In other words, "We just need a small piece of this big market!"

From Zero to One:

>Now I think the opposite version of this is always where you have super big markets and there is so many different things that went wrong with all the clean tech companies in the last decade. But the one theme than ran through almost all of them is that they all started with massive markets. Every clean tech powerpoint presentation that one saw in the years 2005 to 2008, which is the clean tech bubble in Silicon Valley, started with where the energy market, where the market was measured in hundreds and billions of trillions of dollars. And then once you're sort of like a minnow in a vast ocean, that is not a good place to be. That means you have tons of competitors and you don’t even know who all the competitors are.
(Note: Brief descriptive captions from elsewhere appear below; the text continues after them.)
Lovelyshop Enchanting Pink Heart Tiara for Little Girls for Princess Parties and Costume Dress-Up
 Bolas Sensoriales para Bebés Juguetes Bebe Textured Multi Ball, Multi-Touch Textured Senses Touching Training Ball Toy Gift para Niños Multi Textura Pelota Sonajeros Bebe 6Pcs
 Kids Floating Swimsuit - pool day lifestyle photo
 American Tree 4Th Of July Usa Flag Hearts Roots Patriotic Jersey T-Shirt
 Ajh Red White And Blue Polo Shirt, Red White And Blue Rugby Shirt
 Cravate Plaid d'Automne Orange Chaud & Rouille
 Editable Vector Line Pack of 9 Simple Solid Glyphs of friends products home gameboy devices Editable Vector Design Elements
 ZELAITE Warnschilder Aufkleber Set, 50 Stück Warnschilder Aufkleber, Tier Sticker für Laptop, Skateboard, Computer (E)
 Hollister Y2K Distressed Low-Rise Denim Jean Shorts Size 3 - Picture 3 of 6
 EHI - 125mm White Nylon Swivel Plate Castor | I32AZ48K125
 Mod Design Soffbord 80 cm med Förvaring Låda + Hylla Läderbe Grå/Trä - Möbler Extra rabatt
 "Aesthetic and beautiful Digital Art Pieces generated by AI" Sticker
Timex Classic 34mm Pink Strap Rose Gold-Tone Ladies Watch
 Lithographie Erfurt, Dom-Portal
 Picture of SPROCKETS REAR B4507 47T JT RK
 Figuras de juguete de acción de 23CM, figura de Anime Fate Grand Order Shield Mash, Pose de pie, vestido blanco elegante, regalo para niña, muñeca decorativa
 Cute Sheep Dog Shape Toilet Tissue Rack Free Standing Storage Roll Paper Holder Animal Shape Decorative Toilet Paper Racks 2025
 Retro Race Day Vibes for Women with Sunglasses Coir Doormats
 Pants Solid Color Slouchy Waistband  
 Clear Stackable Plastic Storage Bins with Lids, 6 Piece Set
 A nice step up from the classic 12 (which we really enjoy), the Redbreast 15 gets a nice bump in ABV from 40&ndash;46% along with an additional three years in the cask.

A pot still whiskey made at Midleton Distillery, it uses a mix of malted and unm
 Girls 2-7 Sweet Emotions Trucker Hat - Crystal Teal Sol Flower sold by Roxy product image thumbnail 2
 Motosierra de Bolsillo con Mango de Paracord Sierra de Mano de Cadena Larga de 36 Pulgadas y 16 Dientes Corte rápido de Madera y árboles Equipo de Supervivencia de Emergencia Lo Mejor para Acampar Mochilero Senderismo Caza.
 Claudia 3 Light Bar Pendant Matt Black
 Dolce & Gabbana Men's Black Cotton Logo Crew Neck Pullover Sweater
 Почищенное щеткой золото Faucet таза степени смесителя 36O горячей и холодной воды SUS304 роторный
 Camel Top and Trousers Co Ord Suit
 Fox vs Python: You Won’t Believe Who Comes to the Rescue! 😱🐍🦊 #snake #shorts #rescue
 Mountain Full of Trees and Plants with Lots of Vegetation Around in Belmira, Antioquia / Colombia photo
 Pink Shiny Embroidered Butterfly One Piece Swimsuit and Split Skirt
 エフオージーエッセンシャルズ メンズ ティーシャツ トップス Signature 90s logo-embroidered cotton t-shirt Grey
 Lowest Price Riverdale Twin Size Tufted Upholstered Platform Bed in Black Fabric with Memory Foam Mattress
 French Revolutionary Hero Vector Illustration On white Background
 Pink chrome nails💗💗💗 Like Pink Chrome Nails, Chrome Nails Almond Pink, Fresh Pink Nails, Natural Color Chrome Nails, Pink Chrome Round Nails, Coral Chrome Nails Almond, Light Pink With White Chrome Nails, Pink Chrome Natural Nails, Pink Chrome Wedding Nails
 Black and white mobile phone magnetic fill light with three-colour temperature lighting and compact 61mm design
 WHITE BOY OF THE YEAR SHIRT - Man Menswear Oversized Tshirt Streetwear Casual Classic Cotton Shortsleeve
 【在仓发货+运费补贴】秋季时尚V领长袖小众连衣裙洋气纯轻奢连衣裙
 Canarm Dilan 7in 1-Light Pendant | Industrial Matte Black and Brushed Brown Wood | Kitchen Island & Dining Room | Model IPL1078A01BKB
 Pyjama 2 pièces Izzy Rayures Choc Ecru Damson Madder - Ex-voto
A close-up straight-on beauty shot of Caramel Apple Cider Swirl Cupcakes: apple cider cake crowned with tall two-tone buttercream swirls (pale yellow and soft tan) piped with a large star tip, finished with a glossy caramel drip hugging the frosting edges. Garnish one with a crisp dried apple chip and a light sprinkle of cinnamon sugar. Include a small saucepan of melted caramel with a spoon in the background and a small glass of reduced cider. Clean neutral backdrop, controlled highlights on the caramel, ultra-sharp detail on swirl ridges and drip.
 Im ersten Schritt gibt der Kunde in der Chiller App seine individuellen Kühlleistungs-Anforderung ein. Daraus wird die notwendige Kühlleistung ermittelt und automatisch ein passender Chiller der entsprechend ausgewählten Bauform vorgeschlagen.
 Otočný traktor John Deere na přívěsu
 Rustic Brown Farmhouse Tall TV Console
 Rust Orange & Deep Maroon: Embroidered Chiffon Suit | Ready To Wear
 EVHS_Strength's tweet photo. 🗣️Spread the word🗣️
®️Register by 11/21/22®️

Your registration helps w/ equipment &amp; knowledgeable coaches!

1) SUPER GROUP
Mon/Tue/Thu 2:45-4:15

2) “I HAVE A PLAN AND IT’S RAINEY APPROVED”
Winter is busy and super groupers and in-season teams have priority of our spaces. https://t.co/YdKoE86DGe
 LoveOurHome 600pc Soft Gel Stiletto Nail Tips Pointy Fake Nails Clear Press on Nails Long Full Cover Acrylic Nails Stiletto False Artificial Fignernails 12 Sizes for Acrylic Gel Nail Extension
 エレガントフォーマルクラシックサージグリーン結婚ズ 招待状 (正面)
>You want to be a one of a kind company. You want to be the only player in a small ecosystem. You don’t want to be the fourth online pet food company. You don’t want to be the tenth solar panel company. You don’t want to be the hundredth restaurant in Palo Alto. Your restaurant industry is a trillion dollar industry. So if you do a market size analysis, you conclude restaurants are fantastic business to go into. And often large existing markets typically means that you have tons of competitions so it's very very hard to differentiate. The first very counterintuitive idea is to go after small markets, markets that are so small people often don't even think that they make sense. That's where you get a foothold and then if those markets are able expand, you can scale into a big monopoly business.

In other words, if I looked at "2% of people who saw my Facebook post left their email" I'd probably think the same thing I'd think prior to doing any experiment, which is "There is a lot of fitness stuff, including apps and gyms, this probably won't work". But, I'm also a pessimist, so maybe that's just me.

Anywho - sorry if I've been too negative. I did enjoy reading your post, and I hope you hit the target numbers you want on your substack subscriptions from this post! :)

I thought the same thing. These kind of analysis will point you towards already flooded markets (how many fitness apps there are already? My local gym has one..), when you’d be way more interested in going after markets unknown to most people.